Darling Editor Karine Torr: What can I say? Work, COVID, lockdown, the dreaded Brexit, all things occupying my mind over the past two years, annoying me, annoying my family and friends, ever present, all consuming. An exciting time at Darling with our online magazine blossoming and growing. Our Darling shop site was coming on nicely and our summer print issue about to launch – everything went into slo-mo as Boris rubbed his hands and flung open the doors of restaurants and fitness clubs in May this year. That day Gordon and I sat opposite our lovely GP and heard the news. My cancer journey had begun.
Neuroendocrine was the diagnosis, a rare form of cancer, luckily slow growing but pretty lethal and ‘manageable’ (hopefully) with a hormone injection every 28 days. I’ve only had three but will soon find out if it’s working to, at most, halt the growth and if I’m lucky, shrink a bit. Fingers crossed.
Thankfully the Royal Marsden have been brilliant and lifesaving. I’m also doing lots of complimentary things with acupuncture, supplements and an amazing PEMF mat – all of which keep me disciplined and busy every day and feeling relatively well. But that’s what you’ve got to do when your life is thrown into chaos.

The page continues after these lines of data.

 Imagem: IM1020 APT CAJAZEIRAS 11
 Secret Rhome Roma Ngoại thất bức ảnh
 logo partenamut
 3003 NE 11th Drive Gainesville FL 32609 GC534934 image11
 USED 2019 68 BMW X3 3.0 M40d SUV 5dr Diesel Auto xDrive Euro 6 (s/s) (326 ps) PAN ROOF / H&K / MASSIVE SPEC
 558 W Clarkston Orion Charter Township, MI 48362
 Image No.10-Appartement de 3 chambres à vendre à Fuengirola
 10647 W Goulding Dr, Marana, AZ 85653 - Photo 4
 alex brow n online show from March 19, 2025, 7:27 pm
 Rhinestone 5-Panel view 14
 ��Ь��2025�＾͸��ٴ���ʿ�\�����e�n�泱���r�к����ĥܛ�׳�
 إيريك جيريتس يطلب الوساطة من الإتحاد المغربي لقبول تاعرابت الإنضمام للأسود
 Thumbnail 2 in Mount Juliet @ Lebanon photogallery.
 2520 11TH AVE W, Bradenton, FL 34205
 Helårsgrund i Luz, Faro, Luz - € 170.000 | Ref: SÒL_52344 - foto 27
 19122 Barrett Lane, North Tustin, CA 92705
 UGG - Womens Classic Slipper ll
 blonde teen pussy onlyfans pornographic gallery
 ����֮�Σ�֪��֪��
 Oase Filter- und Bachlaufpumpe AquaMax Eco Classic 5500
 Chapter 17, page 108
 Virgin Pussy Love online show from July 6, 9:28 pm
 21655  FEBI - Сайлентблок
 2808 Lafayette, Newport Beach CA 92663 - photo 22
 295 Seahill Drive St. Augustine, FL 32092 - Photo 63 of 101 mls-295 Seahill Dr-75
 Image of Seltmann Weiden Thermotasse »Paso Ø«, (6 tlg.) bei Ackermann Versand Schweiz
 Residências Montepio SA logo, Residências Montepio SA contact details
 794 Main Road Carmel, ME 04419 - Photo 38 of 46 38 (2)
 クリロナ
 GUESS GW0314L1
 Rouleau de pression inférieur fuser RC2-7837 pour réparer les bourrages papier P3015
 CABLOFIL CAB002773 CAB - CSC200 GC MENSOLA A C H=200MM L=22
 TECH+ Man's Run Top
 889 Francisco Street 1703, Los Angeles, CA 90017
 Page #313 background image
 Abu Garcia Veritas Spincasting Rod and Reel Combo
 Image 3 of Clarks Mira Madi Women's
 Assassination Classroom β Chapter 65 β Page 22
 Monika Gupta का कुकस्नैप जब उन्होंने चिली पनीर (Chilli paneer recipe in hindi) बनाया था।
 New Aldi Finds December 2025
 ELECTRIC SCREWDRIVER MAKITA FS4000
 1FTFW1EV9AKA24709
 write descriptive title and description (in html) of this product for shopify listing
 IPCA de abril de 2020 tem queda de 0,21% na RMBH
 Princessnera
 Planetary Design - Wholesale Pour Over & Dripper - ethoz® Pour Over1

Here are some helpful resources for coping with this ever-increasing, universal health problem and celebrating Breast Cancer Awareness Month in October.
Cancer Research UK
We spoke to Lynn Daly, spokesperson for Cancer Research UK in London
It’s an alarming statistic, but 1 in 2 of us will get cancer in our lifetime.
That’s why Cancer Research UK exists.
We’ve been working to beat cancer for 100 years and although we have made huge progress, there’s no ‘one cure’ for the disease. There are more than 200 types of cancer, each requiring different treatments. Every day, 93 people in London are diagnosed with cancer. Our pioneering work into the prevention, diagnosis and treatment of cancer has helped save millions of lives. Over the past 40 years survival has doubled. In the 1970s just 1 in 4 people survived their disease for 10 years or more. Today 2 in 4 survive.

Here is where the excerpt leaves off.